North African countries such as Morocco and Egypt, as well as emerging countries across the Middle East, also suffer from soaring youth unemployment rates caused by stagnant economies, uncertain political landscapes, vast economic imbalances between the rich and the poor, and poor educational systems, especially at the secondary and college levels.

“Young people are suffering disproportionately in this down economy. There are just no jobs out there," said Evan Feinberg, president of Generation Opportunity, a Washington, D.C.-area advocacy and research group. “In a dynamic economy young people find work. In a stagnant economy young people are hurt the worst.”

Feinberg, 29, was referring to the situation of so-called ‘Millennials,’ those aged 18 to 29 and living in the U.S., but he could have been talking about the situation in Europe and elsewhere.

Prior to the economic downturn in 2008 and 2009 ‘Millennials’ such as Jeff Zuckerberg, founder of social media giant Facebook (NASDAQ:FB), were responsible for fueling countless jobs both within and on the periphery of that exploding sector. But in the current economy that growth has stalled.

“In a dynamic economy there’s a thirst for these new opportunities. In a stagnant economy those opportunities don’t exist,” said Feinberg.

Unemployment Now Impacts Earnings Down the Road

Several reports released recently highlight the work-related difficulties facing young Americans in particular.

Demos, a New York-based public policy and advocacy group, dug deep into U.S. Labor Department statistics for 2012 to draw a picture of how young unemployed workers are affected down the road.

“We found that last year passed with no significant gains for young people, who continue to endure a jobs crisis even as the economy recovers. The latest numbers from 2013 reveal no significant change in the trend. Without policy targeted to the needs of young adults, we risk a generation marked by the insecurities of the Great Recession for the rest of their working lives,” Demos researchers wrote in their report.

Demos’ findings were troubling, to say the least.

There are more than 5.6 million 18 to 34-year-olds who are “willing and able to take a job and actively looking for work” but can’t find a job, Demos reported. That group accounts for 45% of all unemployed Americans. Another 4.7 million young workers are underemployed, which means in most cases they’re working part time jobs when they’d rather be working full-time.

In 2012 the unemployment and underemployment rates for those under 25 were more than double those for workers over 35, according to Demos’ research. Furthermore, in 2012 the labor force participation rate of 18 to 24-year-olds fell to its lowest level since the recession plagued early 1970s.

“We’re not talking about private equity firms here, were talking about restaurants and small grocery stores.
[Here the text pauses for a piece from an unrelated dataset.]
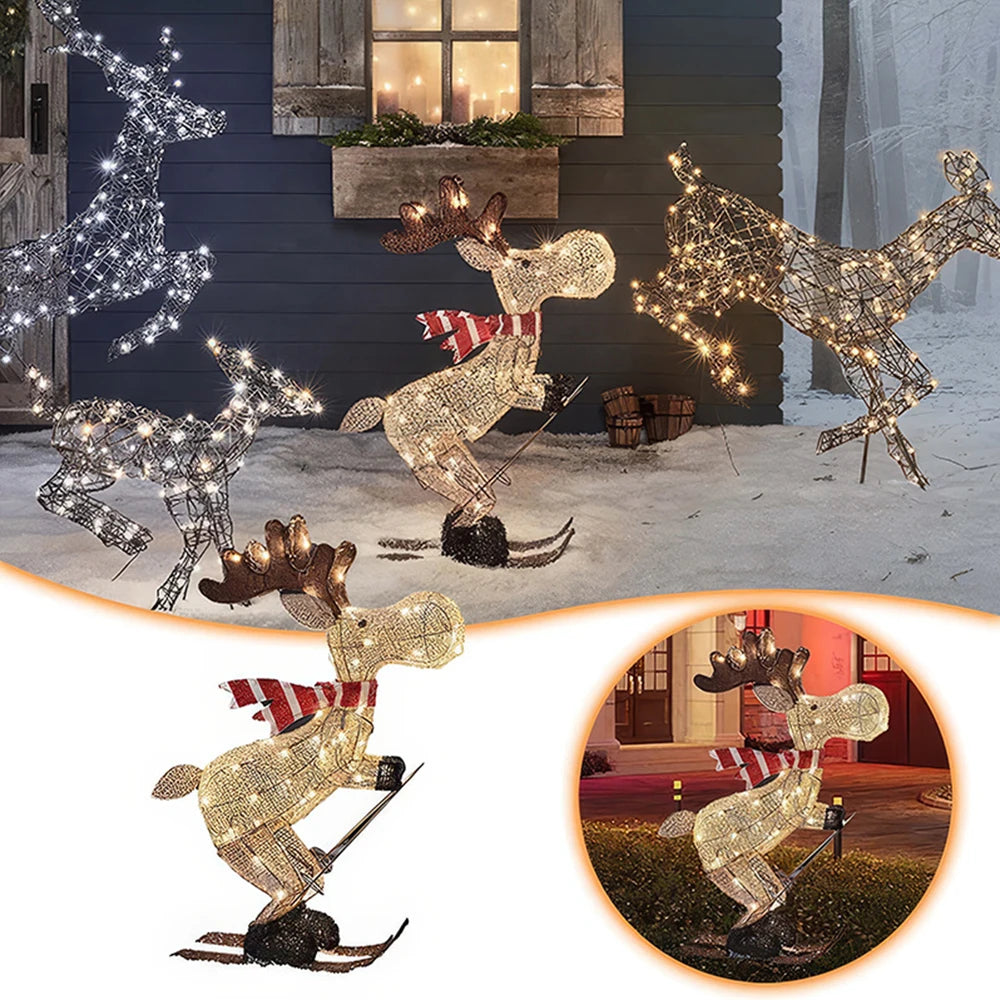 Glowing Reindeer Decor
That’s who hires unskilled 16-year-olds and they don’t want to pay them $10 an hour.”

- Michael Saltsman, the Employment Policy Institute

Demos found that the current high unemployment rate is not only preventing young workers from entering the job market, it’s also preventing young workers currently employed from moving to better jobs or negotiating higher wages from their employers.
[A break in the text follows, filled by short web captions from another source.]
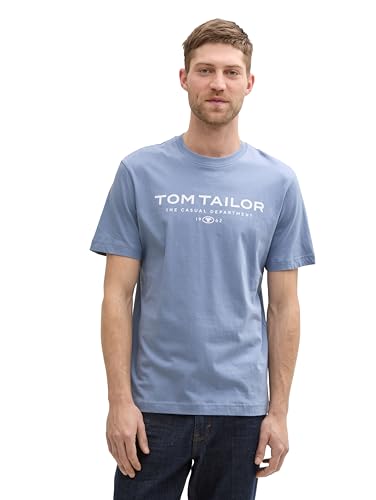 TOM TAILOR Denim TTAEDAN Straight Fit Jeans, Used Mid Stone Blue Denim, 36/32 von TOM TAILOR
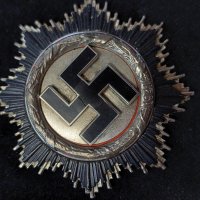 WW2 Орден на немски кръст,сребърен за военна заслуга(Deutsches Kreuz in Silber), снимка 3 - Колекции - 38054744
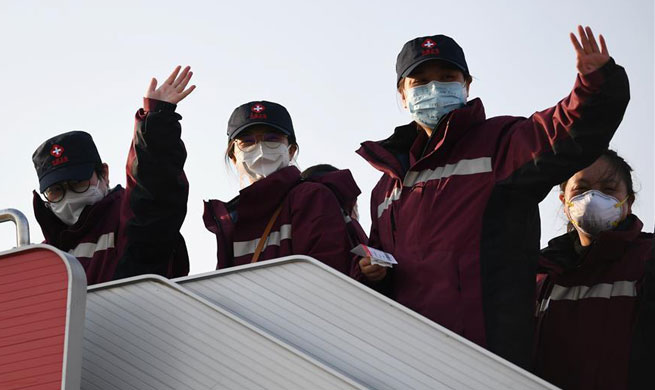 4th batch of medical team from Shaanxi leaves for Hubei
“That in turn reduces the capacity for workers to identify the position where they can be most productive, stifling their careers as well as economic growth,” the Demos report concluded.

Mining this same concern, research conducted by the Center for American Progress estimates that young Americans currently either unemployed or underemployed will likely lose a combined $20 billion in earnings over the next decade.
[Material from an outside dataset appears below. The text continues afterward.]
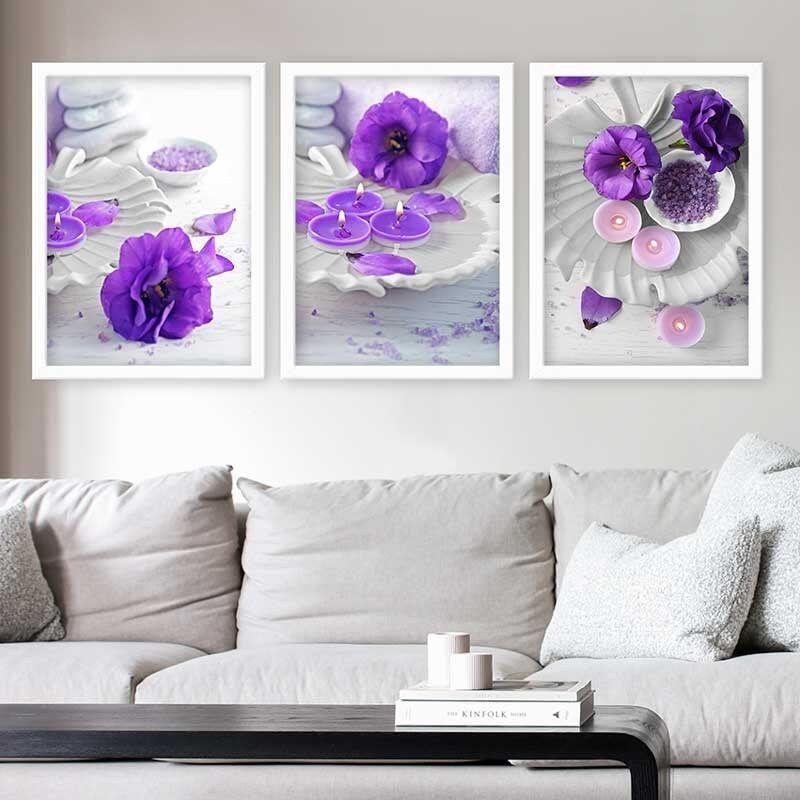 Слика во рамка Wallity 3BC_85309030_5575, 55x75 см, 3 дела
By losing on-the-job experience now either through unemployment or working at a job well below their skill levels, young workers are missing opportunities to develop their skills and losing the ability to leverage those skills into better paying jobs.

Higher Minimum Wage Contributes to High Youth Unemployment

The consequences of these circumstances for these young workers and the country as a whole will extend well into the future, according to the Center for American Progress. The Millennials will be forced to stay at home longer with their parents, struggle to pay down huge and growing student loans and put off saving for retirement.

“As a consequence of the prolonged unemployment of the Millennials, the U.S. economy will feel the loss of aggregate demand in the form of slower growth and less job creation,” the Center for American Progress explained.

All of this data makes a strong case against the policy, long advocated by Democrats including President Barack Obama, of raising the federal minimum wage from where it currently stands at $7.25 an hour to around $10 by 2015.

Michael Saltsman, research director at the Employment Policy Institute in Washington, D.C., said increasing the minimum wage decreases the chances of young people finding jobs.

“We’re not talking about private equity firms here, were talking about restaurants and small grocery stores. That’s who hires unskilled 16-year-olds and they don’t want to pay them $10 an hour,” said Saltsman.

Indeed, the Employment Policy Institute has estimated that for every 10% increase in the minimum wage, teen employment at small businesses decreases by 4.6 to 9%.

Saltsman noted that some states have experimented with a so-called ‘training wage’ that allows young people to be hired at below the minimum wage and then work their way up to that level as their experience grows.

For his part, Feinberg of Generation Opportunity, says government should get out of the way and let his generation solve the youth unemployment problem itself.

“We don’t need to be dependent on the government to fix our problems. We need to be free to innovate. The future of our country depends on Millennials being the engine of economic growth,” he said.